Ao horror dos campos de concentração nazis junta-se agora a vergonha escondida do que sucedeu depois, do lado dos "bondosos" Aliados. Liberta das mordaças ideológicas a História começa a emergir, como se o sangue enterrado alagasse agora os campos da consciência, emergindo da vala comum do esquecimento. Tal como quando se denunciaram os horrores do nazismo e do estalinismo muitos dirão que é mentira, outros que no tempo em que tudo sucedeu não havia outra alternativa. Ai dos vencidos!
«Between 1945 and 1950, Europe witnessed the largest episode of forced migration, and perhaps the single greatest movement of population, in human history. Between 12 million and 14 million German-speaking civilians—the overwhelming majority of whom were women, old people, and children under 16—were forcibly ejected from their places of birth in Czechoslovakia, Hungary, Romania, Yugoslavia, and what are today the western districts of Poland.»

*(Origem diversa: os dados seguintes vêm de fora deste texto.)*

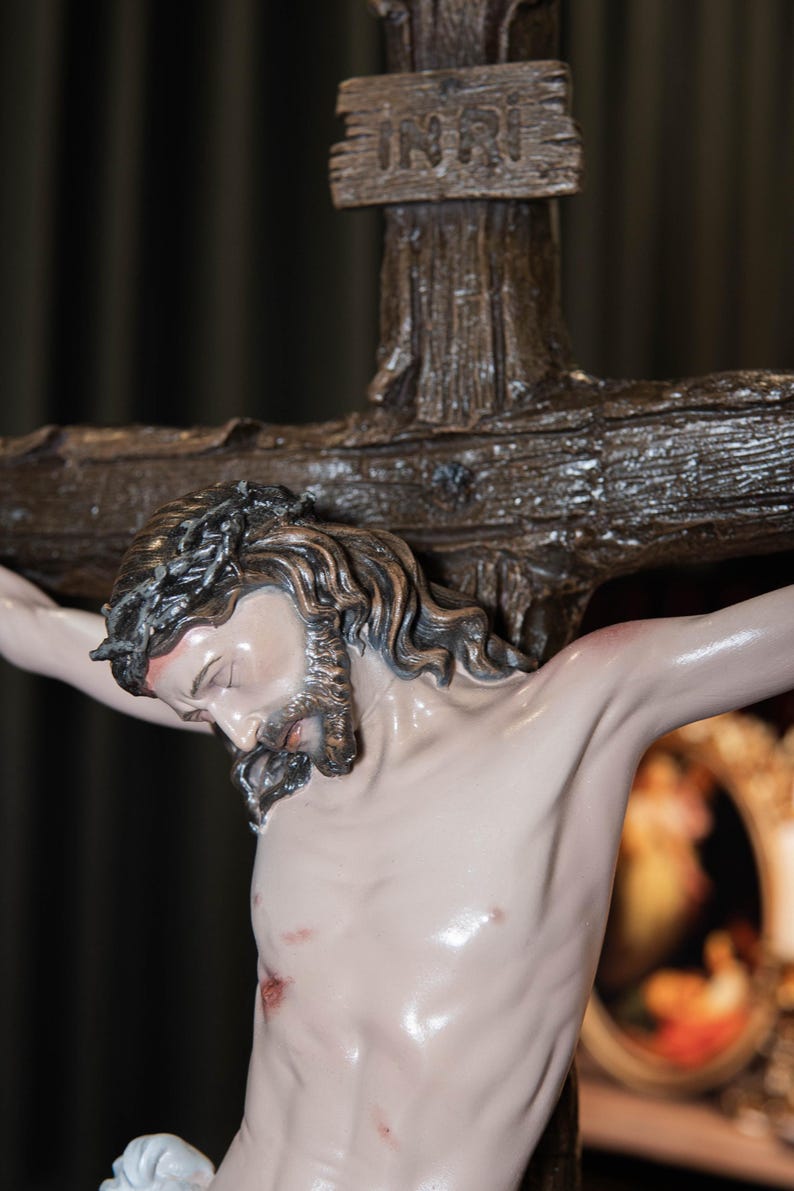 May include: A detailed sculpture of Jesus on a wooden cross. The figure has a crown of thorns, a beard, and visible wounds. The cross has the inscription "INRI" at the top. The sculpture is painted with realistic skin tones.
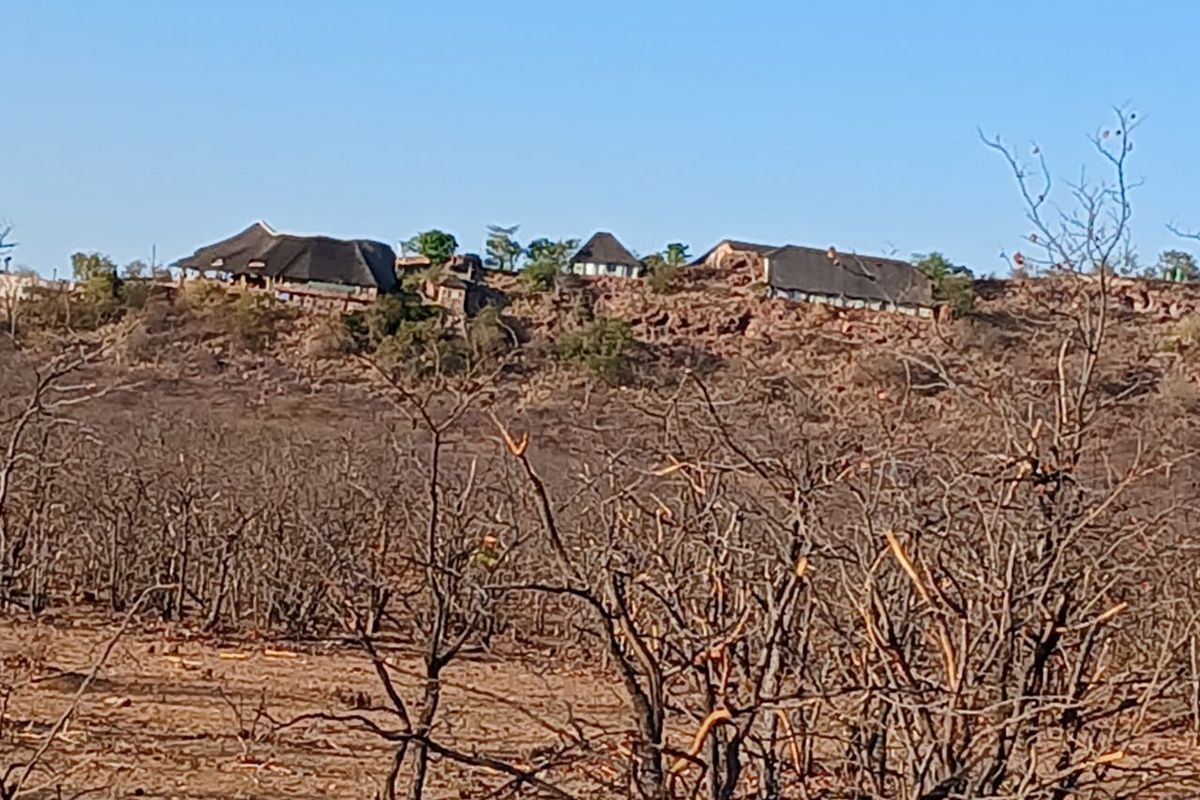 A distant view of a farm property featuring multiple structures with traditional thatched roofs situated on a rocky hillside.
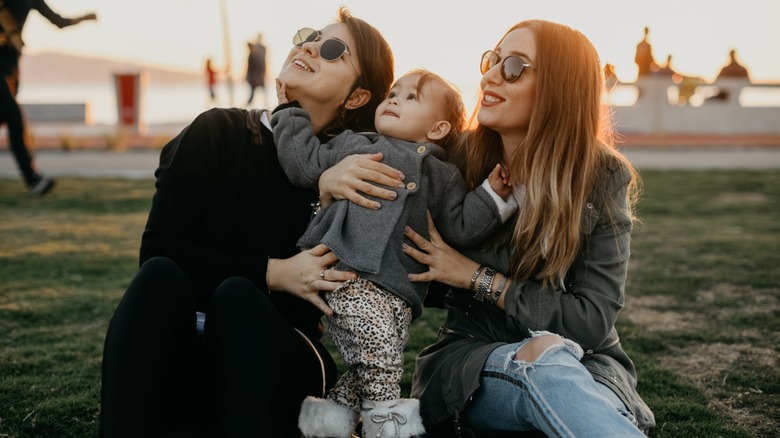 Two women sitting down while taking care of a young child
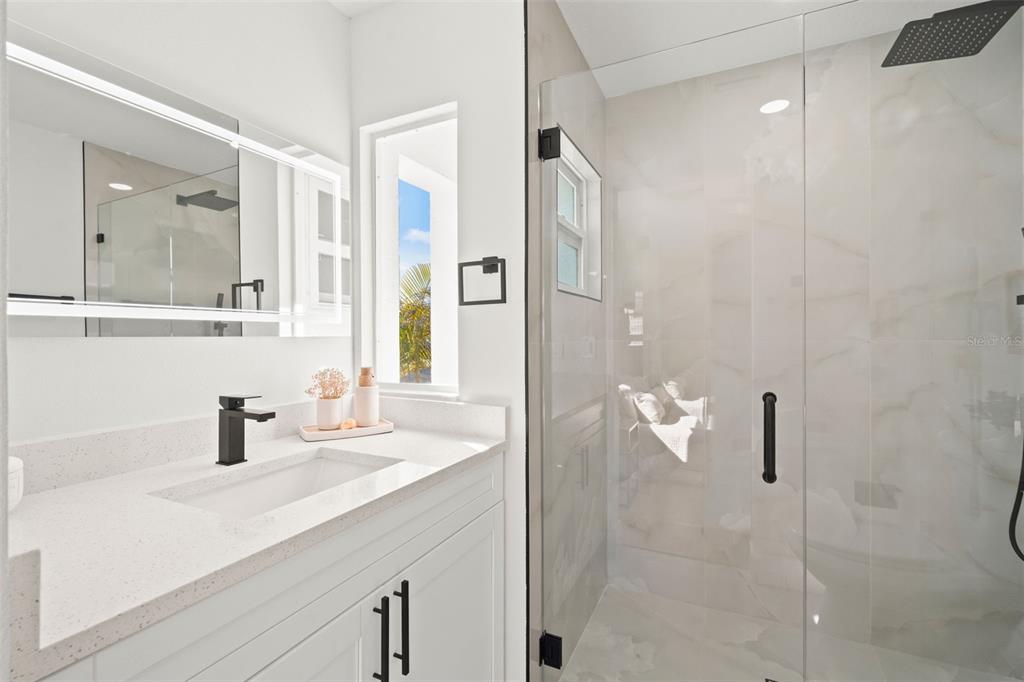 12671 115th Street Largo, FL 33778 - Photo 24 of 39 a bathroom with a sink and mirror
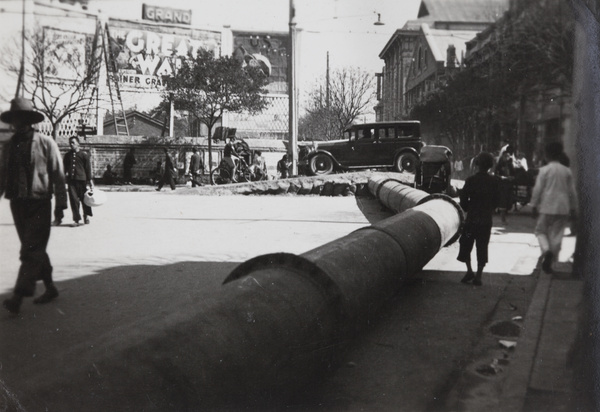 A large pipe in a street, Tianjin floods, 1938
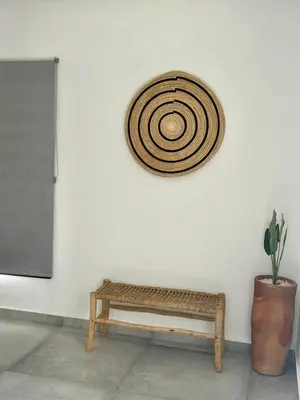 a wooden bench against a white wall with a rattanarmaarmaarmaarmaarma at Villa LAM atlas view in Tameslouht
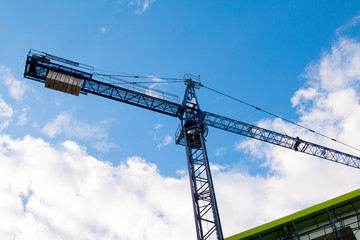 Construction site with cranes on sky background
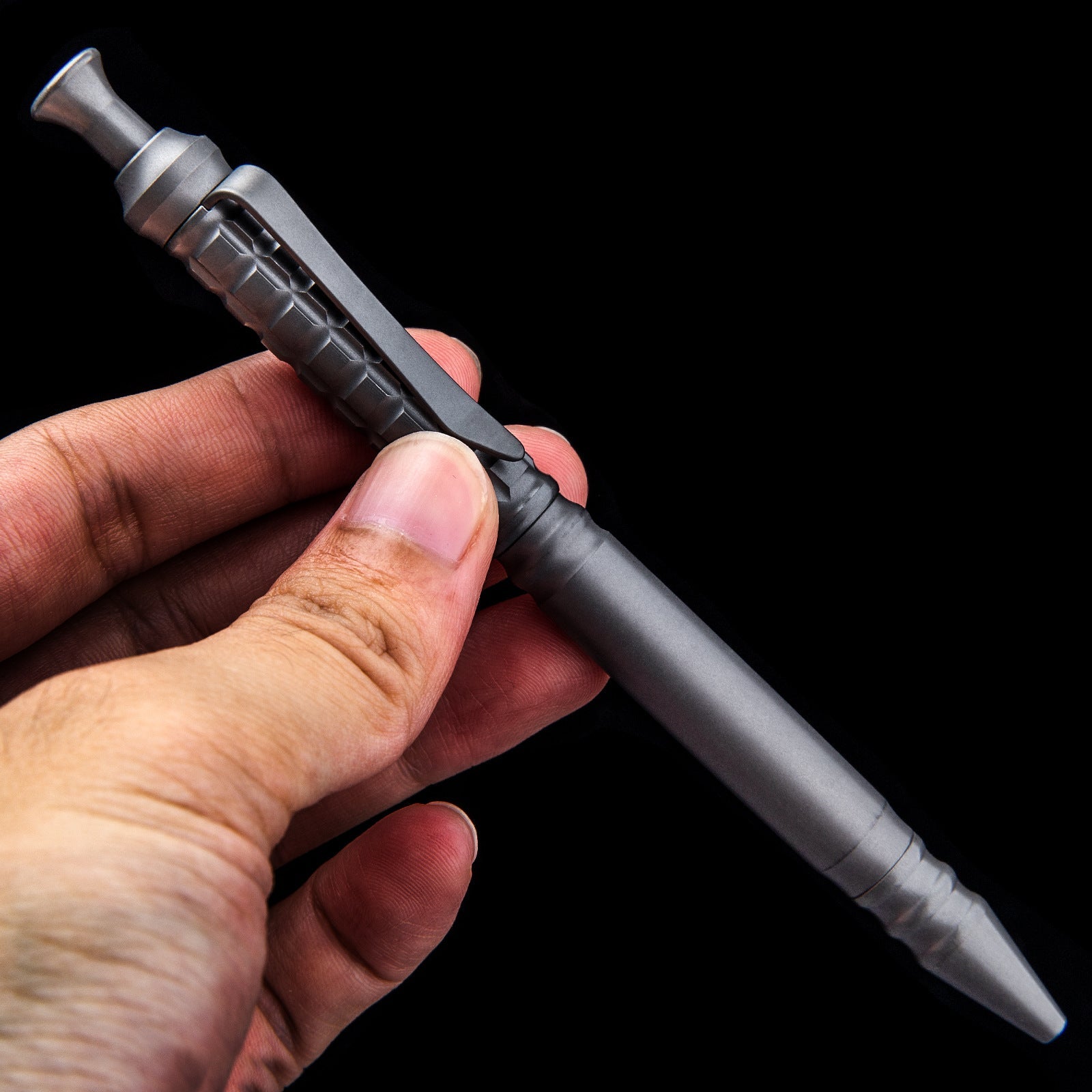 Compact titanium tactical pen with pocket clip and textured anti-slip grip for everyday carry — view 3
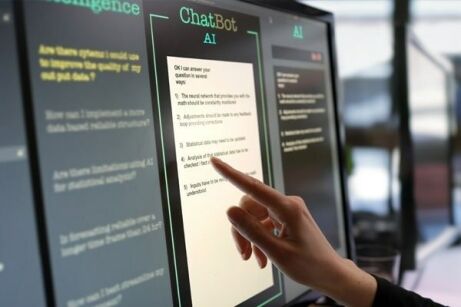 A person interacting with an AI-powered chatbot on a digital screen, emphasizing advanced technology and AI integration at MyComputerCareer.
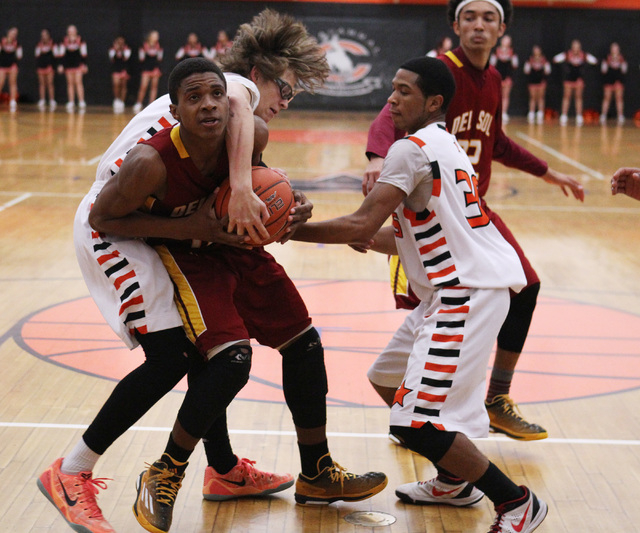 Del Sol’s Jonathan Spearman fights for a lose ball with Chaparral’s Ben Kirschba ...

«Most disturbingly of all, tens of thousands perished as a result of ill treatment while being used as slave labor (or, in the Allies' cynical formulation, "reparations in kind") in a vast network of camps extending across central and southeastern Europe—many of which, like Auschwitz I and Theresienstadt, were former German concentration camps kept in operation for years after the war. As Sir John Colville, formerly Winston Churchill's private secretary, told his colleagues in the British Foreign Office in 1946, it was clear that "concentration camps and all they stand for did not come to an end with the defeat of Germany." Ironically, no more than 100 or so miles away from the camps being put to this new use, the surviving Nazi leaders were being tried by the Allies in the courtroom at Nuremberg on a bill of indictment that listed "deportation and other inhumane acts committed against any civilian population" under the heading of "crimes against humanity."».